- TASK STATEMENT: Go over the data and keep only the lines that include "Ford".

Short web captions
⁂

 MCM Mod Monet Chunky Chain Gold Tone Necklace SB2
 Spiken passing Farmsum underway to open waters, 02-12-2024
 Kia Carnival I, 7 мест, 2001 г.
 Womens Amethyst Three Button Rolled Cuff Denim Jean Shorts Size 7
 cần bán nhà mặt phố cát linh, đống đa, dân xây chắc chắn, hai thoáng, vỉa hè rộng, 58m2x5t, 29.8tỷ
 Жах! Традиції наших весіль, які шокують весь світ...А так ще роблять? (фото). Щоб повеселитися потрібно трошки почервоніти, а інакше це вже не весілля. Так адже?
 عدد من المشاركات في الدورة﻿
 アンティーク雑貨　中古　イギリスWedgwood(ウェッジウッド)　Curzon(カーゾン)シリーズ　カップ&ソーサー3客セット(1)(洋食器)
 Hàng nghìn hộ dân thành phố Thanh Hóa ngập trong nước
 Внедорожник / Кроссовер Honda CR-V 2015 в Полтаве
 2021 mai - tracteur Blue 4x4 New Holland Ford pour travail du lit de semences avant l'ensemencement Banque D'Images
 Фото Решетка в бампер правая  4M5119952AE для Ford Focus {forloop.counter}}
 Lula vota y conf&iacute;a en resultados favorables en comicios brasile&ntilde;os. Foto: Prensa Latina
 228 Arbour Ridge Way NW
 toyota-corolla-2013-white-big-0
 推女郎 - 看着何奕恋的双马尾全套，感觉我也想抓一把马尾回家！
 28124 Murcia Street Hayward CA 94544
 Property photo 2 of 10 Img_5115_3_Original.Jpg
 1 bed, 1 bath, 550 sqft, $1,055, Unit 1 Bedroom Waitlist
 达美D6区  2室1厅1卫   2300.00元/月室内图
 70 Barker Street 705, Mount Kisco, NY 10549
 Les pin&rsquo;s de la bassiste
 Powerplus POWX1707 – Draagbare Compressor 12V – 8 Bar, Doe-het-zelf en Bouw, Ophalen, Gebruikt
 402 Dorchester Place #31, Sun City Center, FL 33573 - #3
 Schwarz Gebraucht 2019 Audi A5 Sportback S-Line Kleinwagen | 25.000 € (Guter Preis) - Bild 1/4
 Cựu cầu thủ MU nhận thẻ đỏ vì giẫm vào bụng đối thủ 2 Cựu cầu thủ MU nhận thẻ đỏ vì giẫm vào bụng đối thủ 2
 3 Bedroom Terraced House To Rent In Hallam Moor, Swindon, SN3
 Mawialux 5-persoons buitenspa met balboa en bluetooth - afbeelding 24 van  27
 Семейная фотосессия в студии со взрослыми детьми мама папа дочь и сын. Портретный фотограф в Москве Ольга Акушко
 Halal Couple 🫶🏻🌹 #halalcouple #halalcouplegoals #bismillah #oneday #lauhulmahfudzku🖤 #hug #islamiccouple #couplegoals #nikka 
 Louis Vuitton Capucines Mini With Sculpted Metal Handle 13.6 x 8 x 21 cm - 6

⁂

- RESPONSE TO THIS EXERCISE:
 2021 mai - tracteur Blue 4x4 New Holland Ford pour travail du lit de semences avant l'ensemencement Banque D'Images
 Фото Решетка в бампер правая  4M5119952AE для Ford Focus {forloop.counter}}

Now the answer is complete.